Mais son initiative la plus importante reste sans doute le fameux Salon des Cent, simple exposition sans jury ni récompense. Organisé de 1894 à 1900, il connaîtra au total cinquante-trois éditions, d’une fréquence remarquable, alternant expositions monographiques et présentations collectives. La manifestation consacrée au peintre et décorateur Eugène Grasset du 5 au 25 avril 1894 est la première exposition particulière de La Plume. La rédaction lui confie aussi la réalisation de l’affiche de présentation, reprise en couverture du numéro spécial qui lui est consacré.

Analyse des images

L’affiche d’Eugène Grasset : une allégorie des arts

Dans ce dessin préparatoire réalisé à la mine de plomb et à l’aquarelle, Grasset a figuré tous les éléments constitutifs de sa future affiche : il y a esquissé sur un fond bleu-vert le buste d’une femme vêtue de jaune, à l’épaisse chevelure brune, tenant un cahier de dessin dans une main et, dans l’autre, une plante qu’elle observe attentivement et un crayon. Inversée dans l’estampe définitive, cette allégorie des arts, muse intemporelle et contemplative, est emblématique des canons de l’Art nouveau par la prédominance des éléments végétaux. C’est un véritable symbole que Grasset a ainsi conçu pour la revue La Plume : comme Georges de Feure ou Alfons Mucha, les artistes seront nombreux à s’en inspirer.

Interprétation

La Plume et l’art de l’affiche

Chaque Salon des Cent est annoncé par une affiche inédite dont La Plume confie la réalisation à l’artiste exposé ou à un collaborateur pour les expositions de groupe. Cette production artistique régulière et systématique est l’un des éléments majeurs de la politique éditoriale et commerciale de la revue. Vendues en tant qu’œuvres d’art à part entière, ces affiches deviennent en effet des pièces de collection pour les amateurs, dont le nombre est croissant.

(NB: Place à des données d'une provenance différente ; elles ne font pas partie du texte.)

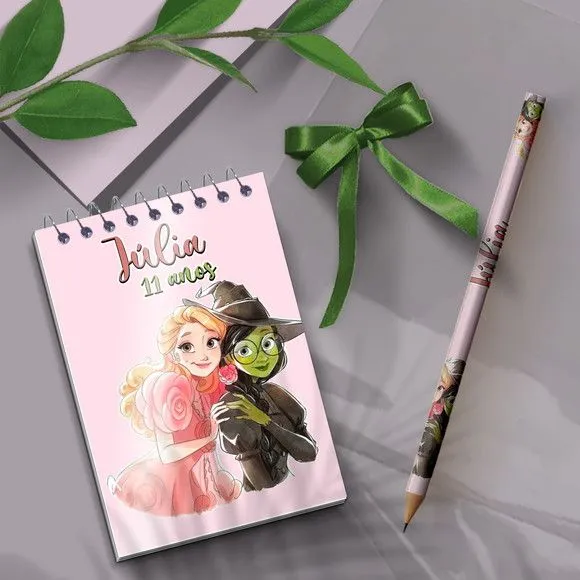 Bloquinho - Wicked Personalizado - artesanato feito à mão por Mi Papelaria Criativa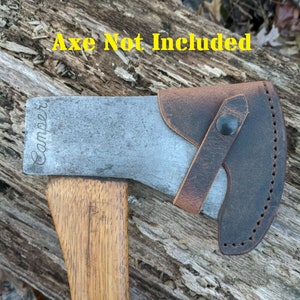 Norlund Camper Axe Buffalo Leather Sheath Mask (Axe NOT Included)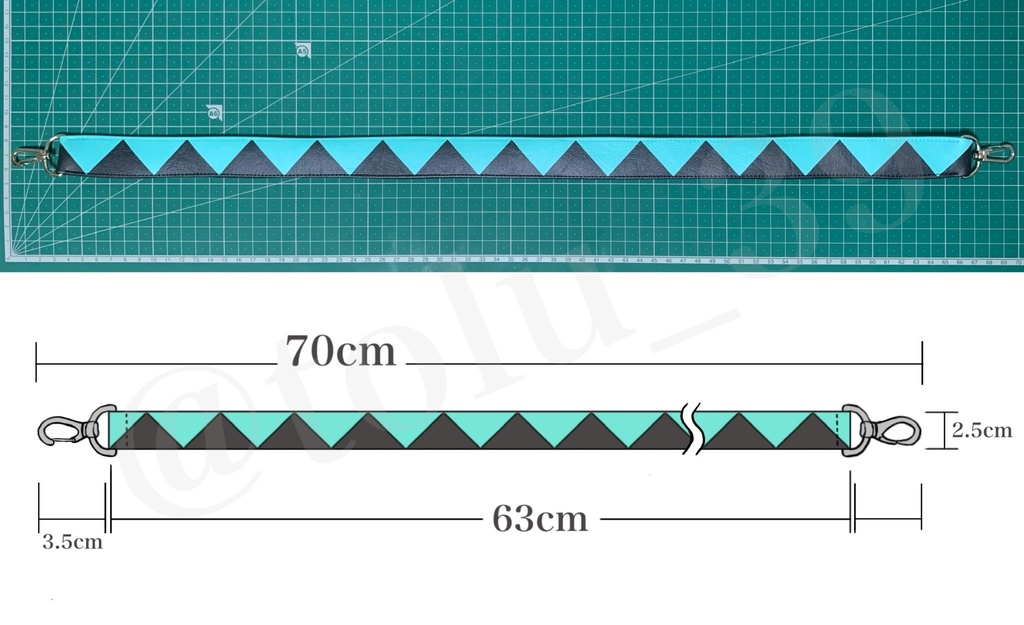 初音ミクベルト型アクセサリー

La visibilité ainsi donnée à une forme alors en plein essor et en voie de reconnaissance s’inscrit plus largement dans l’engagement de La Plume en faveur du renouvellement des arts graphiques.

Bibliographie

Helen BIERI THOMSON (dir.), catalogue de l’exposition Les affiches du Salon des Cent : Bonnard, Ensor, Grasset, Ibels, Mucha, Toulouse-Lautrec, Gingins, Fondation Neumann, 13 janvier-26 mars 2000, musée de Pont-Aven, 3 février-19 mars 2001, Bordeaux, musée des Arts décoratifs, 17 mai-19 août 2001, Gingins, Fondation Neumann, 2000.
Jean-Michel NECTOUX, Grégoire TONNET et Nicholas-Henry ZMELTY, catalogue de l’exposition La Plume 1889-1899, une revue pour l’art, Paris, Institut national d’histoire de l’art, galerie Colbert, 15 février-14 avril 2007, Paris, I.N.H.A., 2007.
Jocelyne VAN DEPUTTE, Le Salon des Cent : 1894-1900, affiches d’artistes, Paris, Paris-Musées, 1994.